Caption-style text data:
■ ■ ■ ■ ■

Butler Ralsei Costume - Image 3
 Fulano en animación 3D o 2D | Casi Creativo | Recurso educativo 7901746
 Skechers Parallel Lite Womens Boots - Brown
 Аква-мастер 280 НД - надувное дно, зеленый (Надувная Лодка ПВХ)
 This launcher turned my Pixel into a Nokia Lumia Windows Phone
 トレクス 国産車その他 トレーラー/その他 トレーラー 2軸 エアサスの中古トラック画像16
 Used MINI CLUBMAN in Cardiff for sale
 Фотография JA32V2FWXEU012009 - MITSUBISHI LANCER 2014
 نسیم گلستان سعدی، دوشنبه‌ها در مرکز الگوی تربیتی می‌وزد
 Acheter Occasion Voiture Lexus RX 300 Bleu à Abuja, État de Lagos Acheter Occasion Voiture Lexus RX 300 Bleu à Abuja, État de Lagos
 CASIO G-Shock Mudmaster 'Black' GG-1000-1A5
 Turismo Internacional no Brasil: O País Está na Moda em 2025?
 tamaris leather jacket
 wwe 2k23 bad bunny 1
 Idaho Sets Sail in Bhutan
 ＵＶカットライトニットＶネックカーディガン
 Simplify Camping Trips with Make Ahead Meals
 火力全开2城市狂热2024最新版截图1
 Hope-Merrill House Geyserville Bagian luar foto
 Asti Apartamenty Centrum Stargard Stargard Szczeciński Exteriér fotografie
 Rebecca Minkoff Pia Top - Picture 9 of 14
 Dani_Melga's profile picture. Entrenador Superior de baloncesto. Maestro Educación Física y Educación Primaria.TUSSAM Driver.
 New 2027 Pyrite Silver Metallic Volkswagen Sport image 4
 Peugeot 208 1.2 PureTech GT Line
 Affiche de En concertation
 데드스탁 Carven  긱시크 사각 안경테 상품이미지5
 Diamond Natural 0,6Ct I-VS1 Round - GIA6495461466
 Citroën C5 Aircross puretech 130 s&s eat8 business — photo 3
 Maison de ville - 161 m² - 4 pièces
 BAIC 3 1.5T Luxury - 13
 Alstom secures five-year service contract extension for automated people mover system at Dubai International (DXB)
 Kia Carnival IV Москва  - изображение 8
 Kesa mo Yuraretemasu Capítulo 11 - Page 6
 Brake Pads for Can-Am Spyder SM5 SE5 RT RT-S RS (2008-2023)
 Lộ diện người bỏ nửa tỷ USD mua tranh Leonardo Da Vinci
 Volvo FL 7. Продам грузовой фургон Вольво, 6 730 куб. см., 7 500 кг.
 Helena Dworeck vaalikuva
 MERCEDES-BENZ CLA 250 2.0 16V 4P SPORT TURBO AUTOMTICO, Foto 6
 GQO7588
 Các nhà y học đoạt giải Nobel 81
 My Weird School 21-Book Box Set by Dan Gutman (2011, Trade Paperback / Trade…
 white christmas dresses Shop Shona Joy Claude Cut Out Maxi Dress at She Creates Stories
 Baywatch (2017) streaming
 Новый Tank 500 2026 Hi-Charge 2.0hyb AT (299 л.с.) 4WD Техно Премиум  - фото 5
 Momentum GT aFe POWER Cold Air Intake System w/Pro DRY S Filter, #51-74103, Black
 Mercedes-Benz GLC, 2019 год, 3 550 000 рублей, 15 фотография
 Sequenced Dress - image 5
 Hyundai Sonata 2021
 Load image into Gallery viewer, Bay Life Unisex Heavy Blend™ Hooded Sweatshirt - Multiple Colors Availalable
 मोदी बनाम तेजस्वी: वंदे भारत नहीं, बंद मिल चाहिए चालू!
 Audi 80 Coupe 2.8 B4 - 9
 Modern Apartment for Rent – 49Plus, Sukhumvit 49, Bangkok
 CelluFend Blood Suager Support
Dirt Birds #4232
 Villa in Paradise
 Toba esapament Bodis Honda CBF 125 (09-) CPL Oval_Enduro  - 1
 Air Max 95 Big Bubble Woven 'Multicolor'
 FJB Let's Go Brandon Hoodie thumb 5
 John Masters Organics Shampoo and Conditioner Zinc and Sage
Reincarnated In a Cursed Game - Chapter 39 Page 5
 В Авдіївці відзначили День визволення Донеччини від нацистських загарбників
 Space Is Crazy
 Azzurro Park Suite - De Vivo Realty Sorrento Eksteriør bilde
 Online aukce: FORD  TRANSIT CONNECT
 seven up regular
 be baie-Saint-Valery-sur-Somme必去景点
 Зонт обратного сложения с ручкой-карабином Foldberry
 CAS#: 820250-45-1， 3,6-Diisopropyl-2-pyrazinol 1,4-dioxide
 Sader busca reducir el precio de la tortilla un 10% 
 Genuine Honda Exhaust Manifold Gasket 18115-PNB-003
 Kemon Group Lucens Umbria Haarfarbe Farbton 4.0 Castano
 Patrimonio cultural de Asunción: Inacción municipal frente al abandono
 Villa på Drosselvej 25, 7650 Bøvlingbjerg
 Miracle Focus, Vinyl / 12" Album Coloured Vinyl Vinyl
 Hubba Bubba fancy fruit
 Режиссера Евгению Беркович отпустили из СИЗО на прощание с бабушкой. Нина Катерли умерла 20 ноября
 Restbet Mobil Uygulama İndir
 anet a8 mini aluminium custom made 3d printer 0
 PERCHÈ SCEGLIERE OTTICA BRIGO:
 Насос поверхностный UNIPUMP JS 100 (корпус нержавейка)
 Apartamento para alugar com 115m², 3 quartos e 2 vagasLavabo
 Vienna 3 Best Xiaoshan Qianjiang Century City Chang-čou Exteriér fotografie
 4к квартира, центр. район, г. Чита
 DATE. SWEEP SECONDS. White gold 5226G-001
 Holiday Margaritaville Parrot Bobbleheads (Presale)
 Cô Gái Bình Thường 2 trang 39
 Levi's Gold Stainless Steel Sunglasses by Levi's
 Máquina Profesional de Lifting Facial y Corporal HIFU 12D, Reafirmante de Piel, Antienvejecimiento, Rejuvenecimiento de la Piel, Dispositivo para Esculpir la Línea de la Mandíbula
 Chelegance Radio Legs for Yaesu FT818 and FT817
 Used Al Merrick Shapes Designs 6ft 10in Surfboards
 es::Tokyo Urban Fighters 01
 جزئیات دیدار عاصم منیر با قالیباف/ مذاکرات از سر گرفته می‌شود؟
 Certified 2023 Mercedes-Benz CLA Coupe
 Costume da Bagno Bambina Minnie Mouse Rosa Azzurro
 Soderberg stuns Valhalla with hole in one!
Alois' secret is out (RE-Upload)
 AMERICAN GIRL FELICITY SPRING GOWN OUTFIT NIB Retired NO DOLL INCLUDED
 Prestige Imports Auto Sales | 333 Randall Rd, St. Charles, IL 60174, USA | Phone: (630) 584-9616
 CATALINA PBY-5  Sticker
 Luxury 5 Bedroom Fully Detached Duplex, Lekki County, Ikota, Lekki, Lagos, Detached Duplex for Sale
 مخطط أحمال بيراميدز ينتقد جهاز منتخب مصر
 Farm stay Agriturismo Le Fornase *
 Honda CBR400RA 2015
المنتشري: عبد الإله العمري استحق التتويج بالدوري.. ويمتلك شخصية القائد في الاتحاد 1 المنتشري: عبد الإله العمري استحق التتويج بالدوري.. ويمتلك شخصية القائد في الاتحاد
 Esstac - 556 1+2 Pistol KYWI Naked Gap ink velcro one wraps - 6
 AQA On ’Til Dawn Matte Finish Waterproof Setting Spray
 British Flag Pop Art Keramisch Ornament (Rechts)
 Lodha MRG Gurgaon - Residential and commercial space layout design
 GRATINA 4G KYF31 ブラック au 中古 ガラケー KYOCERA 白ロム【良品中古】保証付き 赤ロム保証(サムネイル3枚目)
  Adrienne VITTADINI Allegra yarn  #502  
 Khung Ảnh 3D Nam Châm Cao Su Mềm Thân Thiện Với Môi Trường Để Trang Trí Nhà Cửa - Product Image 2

■ ■ ■ ■ ■

### WORK REQUEST:
Every entry needs to be copied exactly as it was written.

### OUTPUT OF THE EXERCISE:
Butler Ralsei Costume - Image 3
 Fulano en animación 3D o 2D | Casi Creativo | Recurso educativo 7901746
 Skechers Parallel Lite Womens Boots - Brown
 Аква-мастер 280 НД - надувное дно, зеленый (Надувная Лодка ПВХ)
 This launcher turned my Pixel into a Nokia Lumia Windows Phone
 トレクス 国産車その他 トレーラー/その他 トレーラー 2軸 エアサスの中古トラック画像16
 Used MINI CLUBMAN in Cardiff for sale
 Фотография JA32V2FWXEU012009 - MITSUBISHI LANCER 2014
 نسیم گلستان سعدی، دوشنبه‌ها در مرکز الگوی تربیتی می‌وزد
 Acheter Occasion Voiture Lexus RX 300 Bleu à Abuja, État de Lagos Acheter Occasion Voiture Lexus RX 300 Bleu à Abuja, État de Lagos
 CASIO G-Shock Mudmaster 'Black' GG-1000-1A5
 Turismo Internacional no Brasil: O País Está na Moda em 2025?
 tamaris leather jacket
 wwe 2k23 bad bunny 1
 Idaho Sets Sail in Bhutan
 ＵＶカットライトニットＶネックカーディガン
 Simplify Camping Trips with Make Ahead Meals
 火力全开2城市狂热2024最新版截图1
 Hope-Merrill House Geyserville Bagian luar foto
 Asti Apartamenty Centrum Stargard Stargard Szczeciński Exteriér fotografie
 Rebecca Minkoff Pia Top - Picture 9 of 14
 Dani_Melga's profile picture. Entrenador Superior de baloncesto. Maestro Educación Física y Educación Primaria.TUSSAM Driver.
 New 2027 Pyrite Silver Metallic Volkswagen Sport image 4
 Peugeot 208 1.2 PureTech GT Line
 Affiche de En concertation
 데드스탁 Carven  긱시크 사각 안경테 상품이미지5
 Diamond Natural 0,6Ct I-VS1 Round - GIA6495461466
 Citroën C5 Aircross puretech 130 s&s eat8 business — photo 3
 Maison de ville - 161 m² - 4 pièces
 BAIC 3 1.5T Luxury - 13
 Alstom secures five-year service contract extension for automated people mover system at Dubai International (DXB)
 Kia Carnival IV Москва  - изображение 8
 Kesa mo Yuraretemasu Capítulo 11 - Page 6
 Brake Pads for Can-Am Spyder SM5 SE5 RT RT-S RS (2008-2023)
 Lộ diện người bỏ nửa tỷ USD mua tranh Leonardo Da Vinci
 Volvo FL 7. Продам грузовой фургон Вольво, 6 730 куб. см., 7 500 кг.
 Helena Dworeck vaalikuva
 MERCEDES-BENZ CLA 250 2.0 16V 4P SPORT TURBO AUTOMTICO, Foto 6
 GQO7588
 Các nhà y học đoạt giải Nobel 81
 My Weird School 21-Book Box Set by Dan Gutman (2011, Trade Paperback / Trade…
 white christmas dresses Shop Shona Joy Claude Cut Out Maxi Dress at She Creates Stories
 Baywatch (2017) streaming
 Новый Tank 500 2026 Hi-Charge 2.0hyb AT (299 л.с.) 4WD Техно Премиум  - фото 5
 Momentum GT aFe POWER Cold Air Intake System w/Pro DRY S Filter, #51-74103, Black
 Mercedes-Benz GLC, 2019 год, 3 550 000 рублей, 15 фотография
 Sequenced Dress - image 5
 Hyundai Sonata 2021
 Load image into Gallery viewer, Bay Life Unisex Heavy Blend™ Hooded Sweatshirt - Multiple Colors Availalable
 मोदी बनाम तेजस्वी: वंदे भारत नहीं, बंद मिल चाहिए चालू!
 Audi 80 Coupe 2.8 B4 - 9
 Modern Apartment for Rent – 49Plus, Sukhumvit 49, Bangkok
 CelluFend Blood Suager Support
Dirt Birds #4232
 Villa in Paradise
 Toba esapament Bodis Honda CBF 125 (09-) CPL Oval_Enduro  - 1
 Air Max 95 Big Bubble Woven 'Multicolor'
 FJB Let's Go Brandon Hoodie thumb 5
 John Masters Organics Shampoo and Conditioner Zinc and Sage
Reincarnated In a Cursed Game - Chapter 39 Page 5
 В Авдіївці відзначили День визволення Донеччини від нацистських загарбників
 Space Is Crazy
 Azzurro Park Suite - De Vivo Realty Sorrento Eksteriør bilde
 Online aukce: FORD  TRANSIT CONNECT
 seven up regular
 be baie-Saint-Valery-sur-Somme必去景点
 Зонт обратного сложения с ручкой-карабином Foldberry
 CAS#: 820250-45-1， 3,6-Diisopropyl-2-pyrazinol 1,4-dioxide
 Sader busca reducir el precio de la tortilla un 10% 
 Genuine Honda Exhaust Manifold Gasket 18115-PNB-003
 Kemon Group Lucens Umbria Haarfarbe Farbton 4.0 Castano
 Patrimonio cultural de Asunción: Inacción municipal frente al abandono
 Villa på Drosselvej 25, 7650 Bøvlingbjerg
 Miracle Focus, Vinyl / 12" Album Coloured Vinyl Vinyl
 Hubba Bubba fancy fruit
 Режиссера Евгению Беркович отпустили из СИЗО на прощание с бабушкой. Нина Катерли умерла 20 ноября
 Restbet Mobil Uygulama İndir
 anet a8 mini aluminium custom made 3d printer 0
 PERCHÈ SCEGLIERE OTTICA BRIGO:
 Насос поверхностный UNIPUMP JS 100 (корпус нержавейка)
 Apartamento para alugar com 115m², 3 quartos e 2 vagasLavabo
 Vienna 3 Best Xiaoshan Qianjiang Century City Chang-čou Exteriér fotografie
 4к квартира, центр. район, г. Чита
 DATE. SWEEP SECONDS. White gold 5226G-001
 Holiday Margaritaville Parrot Bobbleheads (Presale)
 Cô Gái Bình Thường 2 trang 39
 Levi's Gold Stainless Steel Sunglasses by Levi's
 Máquina Profesional de Lifting Facial y Corporal HIFU 12D, Reafirmante de Piel, Antienvejecimiento, Rejuvenecimiento de la Piel, Dispositivo para Esculpir la Línea de la Mandíbula
 Chelegance Radio Legs for Yaesu FT818 and FT817
 Used Al Merrick Shapes Designs 6ft 10in Surfboards
 es::Tokyo Urban Fighters 01
 جزئیات دیدار عاصم منیر با قالیباف/ مذاکرات از سر گرفته می‌شود؟
 Certified 2023 Mercedes-Benz CLA Coupe
 Costume da Bagno Bambina Minnie Mouse Rosa Azzurro
 Soderberg stuns Valhalla with hole in one!
Alois' secret is out (RE-Upload)
 AMERICAN GIRL FELICITY SPRING GOWN OUTFIT NIB Retired NO DOLL INCLUDED
 Prestige Imports Auto Sales | 333 Randall Rd, St. Charles, IL 60174, USA | Phone: (630) 584-9616
 CATALINA PBY-5  Sticker
 Luxury 5 Bedroom Fully Detached Duplex, Lekki County, Ikota, Lekki, Lagos, Detached Duplex for Sale
 مخطط أحمال بيراميدز ينتقد جهاز منتخب مصر
 Farm stay Agriturismo Le Fornase *
 Honda CBR400RA 2015
المنتشري: عبد الإله العمري استحق التتويج بالدوري.. ويمتلك شخصية القائد في الاتحاد 1 المنتشري: عبد الإله العمري استحق التتويج بالدوري.. ويمتلك شخصية القائد في الاتحاد
 Esstac - 556 1+2 Pistol KYWI Naked Gap ink velcro one wraps - 6
 AQA On ’Til Dawn Matte Finish Waterproof Setting Spray
 British Flag Pop Art Keramisch Ornament (Rechts)
 Lodha MRG Gurgaon - Residential and commercial space layout design
 GRATINA 4G KYF31 ブラック au 中古 ガラケー KYOCERA 白ロム【良品中古】保証付き 赤ロム保証(サムネイル3枚目)
  Adrienne VITTADINI Allegra yarn  #502  
 Khung Ảnh 3D Nam Châm Cao Su Mềm Thân Thiện Với Môi Trường Để Trang Trí Nhà Cửa - Product Image 2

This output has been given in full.